4. Eligibility for Participation. Each director of the Company and each director of a member of the Group who is not eligible to receive stock options under the Company’s Equity Incentive Plan for Employees shall be eligible to receive stock options under this Plan. Each director of the Company and each director of the member companies of the Group shall be eligible to receive restricted stock awards under this Plan.

5. Awards. Awards under this Plan may consist of stock options as described in Section 7 and restricted stock awards as described in Section 8. Each award shall be evidenced by a written agreement between the Company and the grantee.

6. Definition of Fair Market Value. For purposes of this Plan, “fair market value” shall mean the last sales price of a share of Class A common stock on the NASDAQ Global Select Market (“NASDAQ”) on the day immediately preceding the date on which the Board determines the fair market value of a share of Class A common stock. In the event that there are no transactions in shares of Class A common stock on NASDAQ on such day, the Board shall determine the fair market value as of the immediately preceding day on which there were transactions in shares of Class A common stock on NASDAQ. If shares of Class A common stock are not listed by NASDAQ, the Board shall determine the fair market value pursuant to Section 422 of the Code.

7. Stock Options.

(a) Granting of Stock Options. The Board may grant stock options to an eligible director upon such terms as the Board deems appropriate under this Section 7.

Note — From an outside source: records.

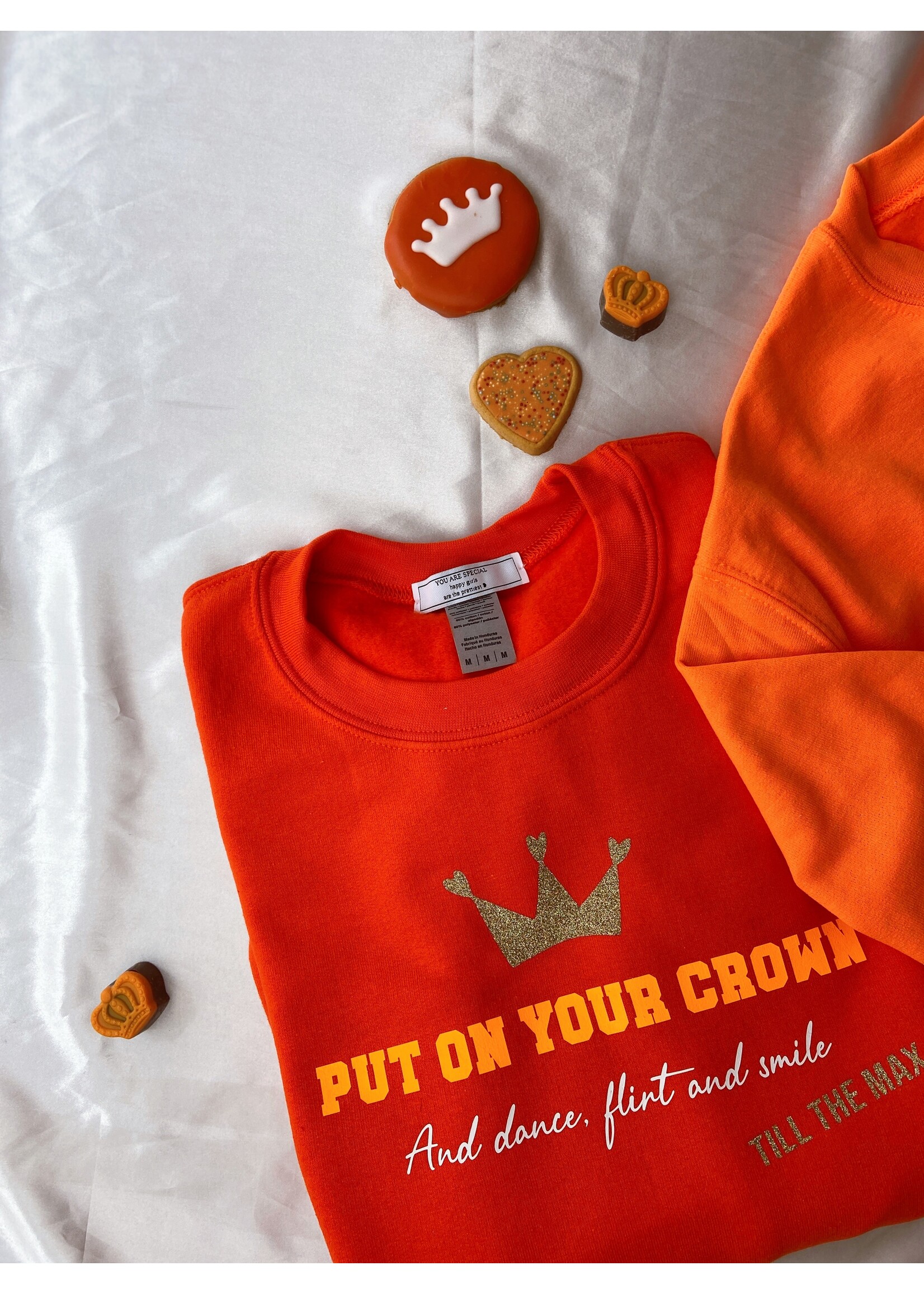 YOU ARE SPECIAL "Put On Your Crown" Orange Sweater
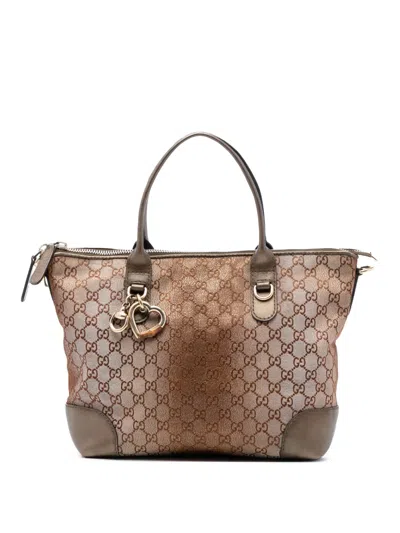 Pre-owned Gucci 2016-2025 Gg Lurex Heart Bit Satchel In Brown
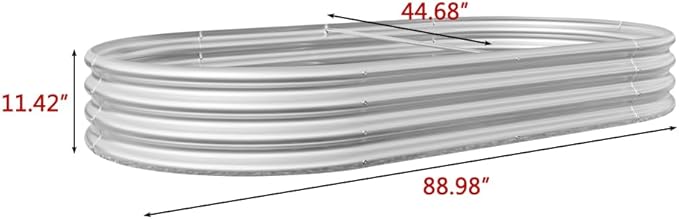 LICOME Large Raised Garden Bed Galvanized Metal Planter Box Outdoor 70.8 x 35.4 Oval Garden Beds Easy Assembly Raised Beds for Gardening (Silver + 88.99 x 44.68 x 11.42 inches)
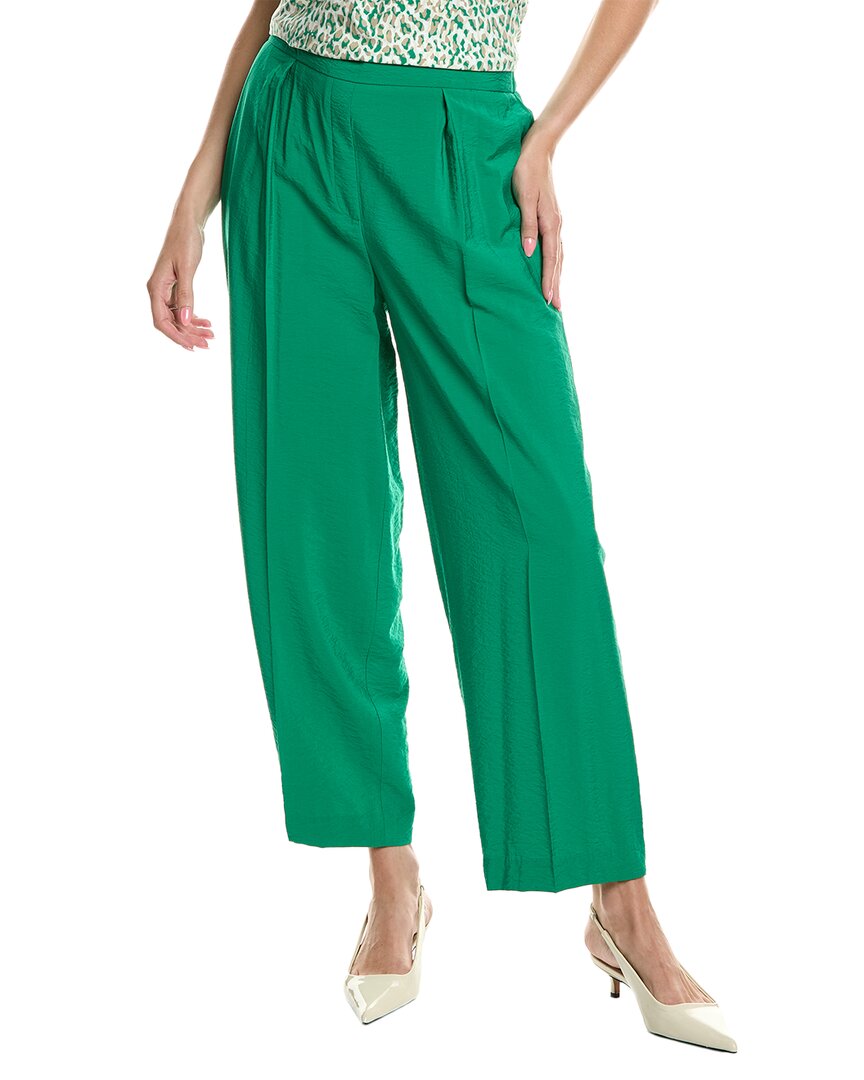Anne Klein Womens Printed Eyelet Embroidered Cotton Blouse Pull On Wide Leg Ankle Pants In Green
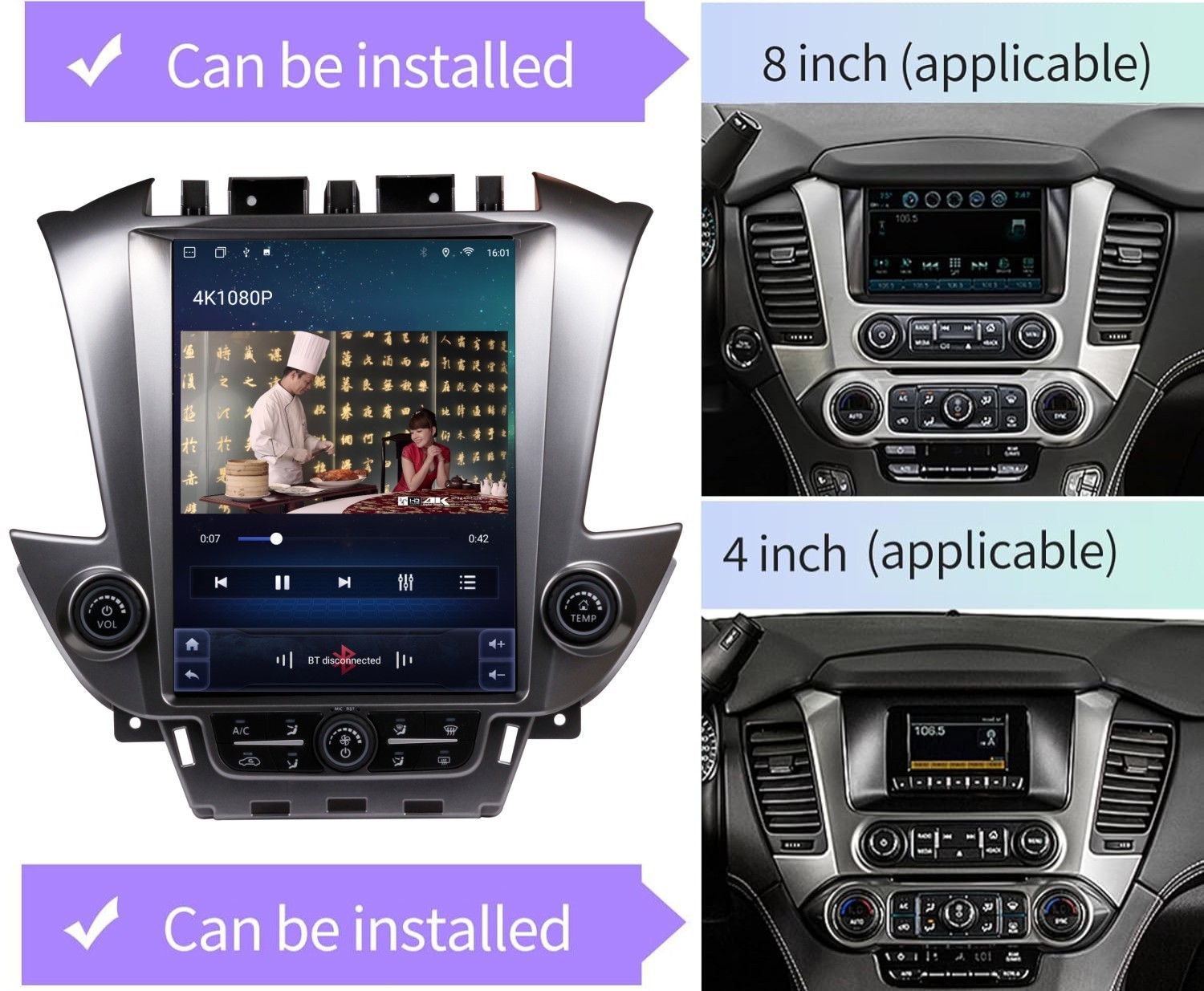Android12 Car Radio For Chevrolet Suburban Tahoe Gmc Yukon 2014-2020 GPS Tesla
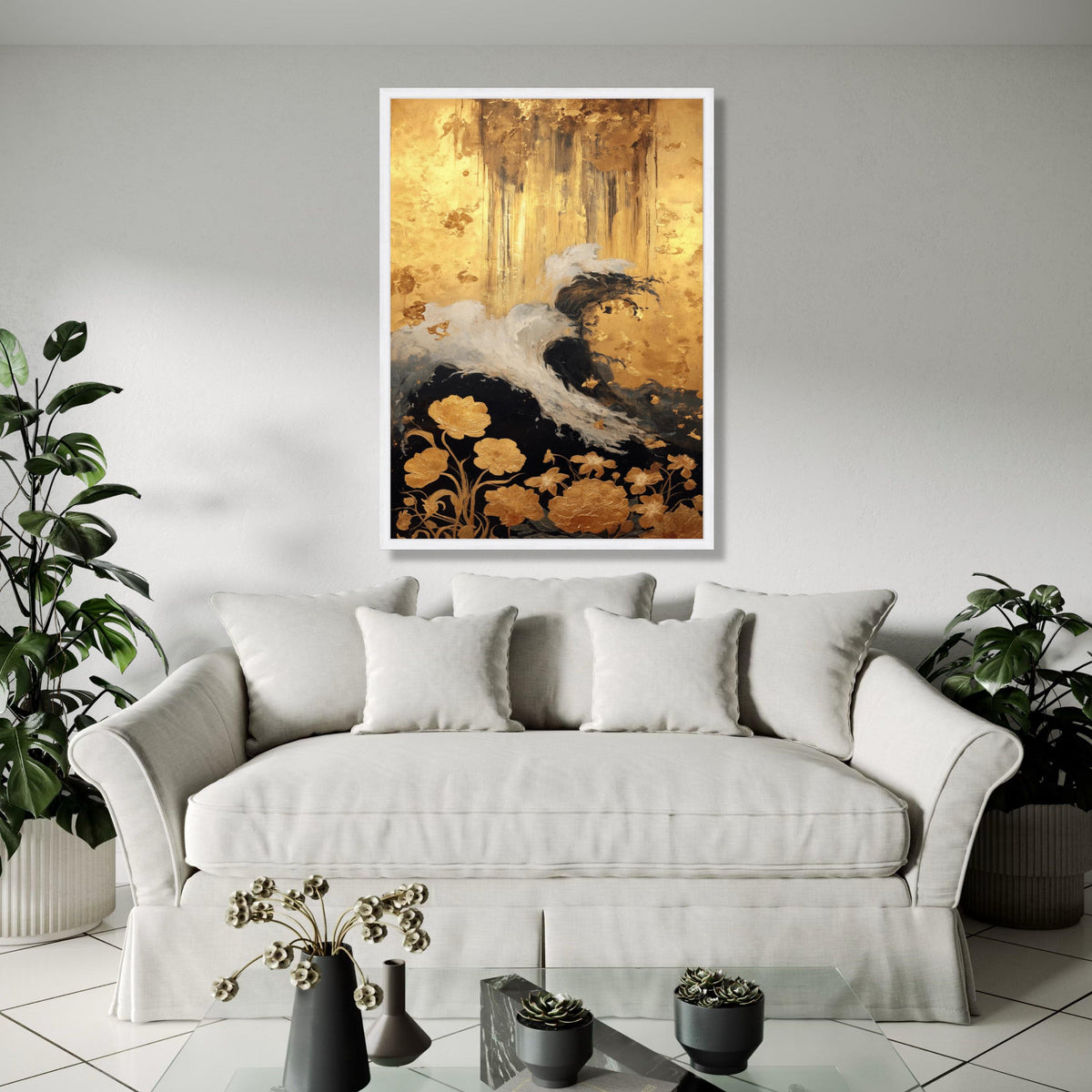 Elegant Abstract Gold and Black Floral Canvas, Modern Wall Art, Metallic Leaf Accent, Luxury Home Decoration, Gift Art, Home Decor, Print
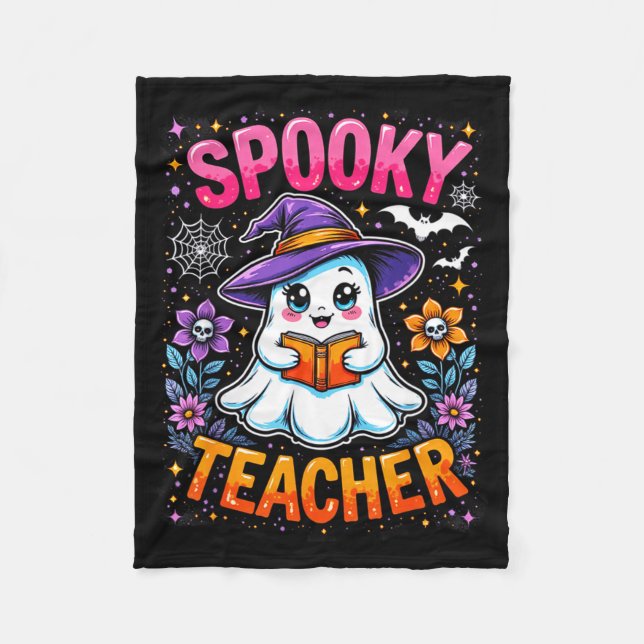 Soky Teacher Cute Ghost Reading Book Funny Hallo  Fleecedecke (Vorderseite)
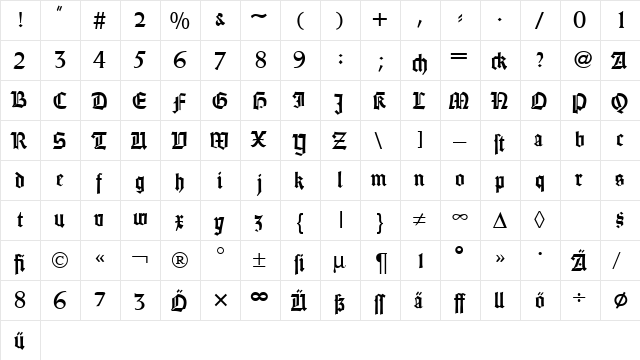 Gothic DB Regular  glyph index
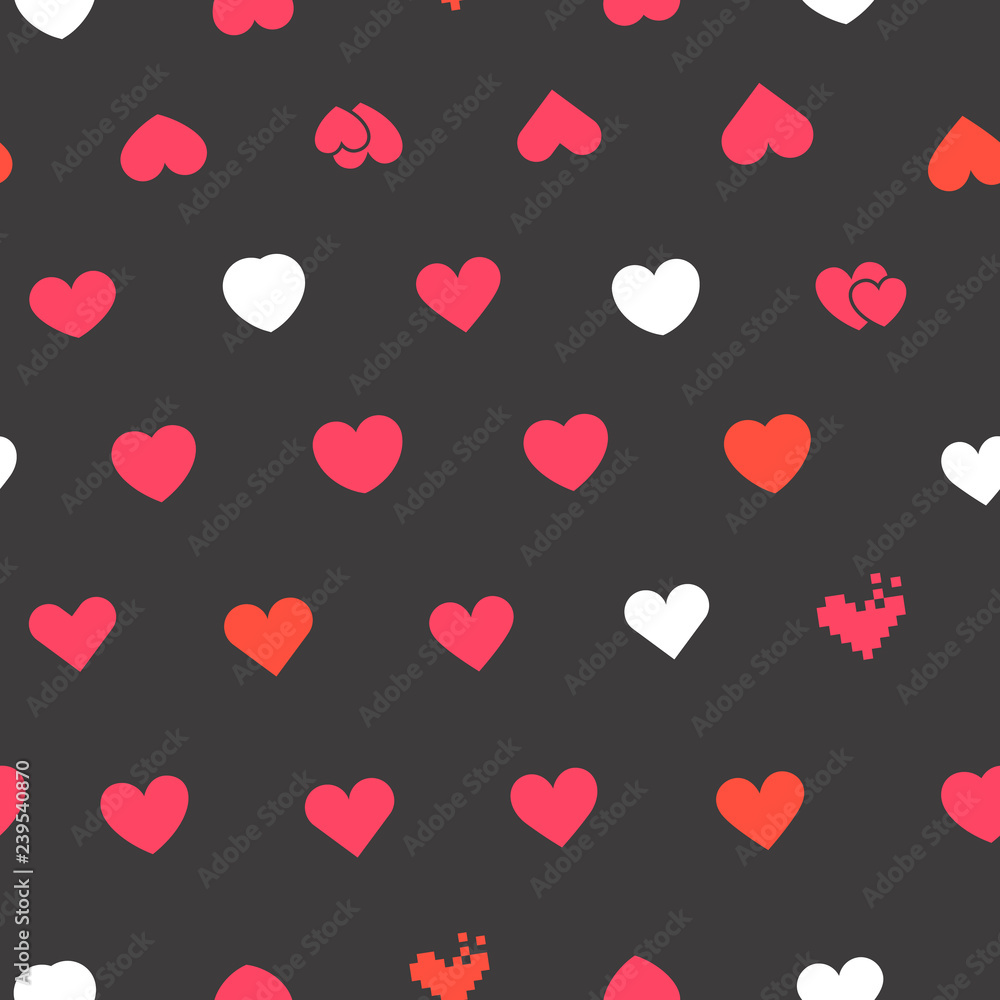 Hearts symbols on black background. Vector seamless pattern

(b) Type of Stock Option and Price. The Board may grant stock options to purchase Class A common stock that the Board does not intend to qualify as incentive stock options within the meaning of Section 422 of the Code. The Board shall determine the exercise price of shares of Class A common stock subject to a stock option, which shall be the closing market price of a share of Class A common stock on NASDAQ on the day before the date of the grant.

(c) Exercisability of Stock Options. Each stock option agreement shall specify the period or periods of time within which a grantee may exercise a stock option, in whole or in part, as the Board determines. No grantee may exercise a stock option after five years from the grant date of the stock option. The Board may accelerate the exercisability of any or all outstanding stock options at any time for any reason.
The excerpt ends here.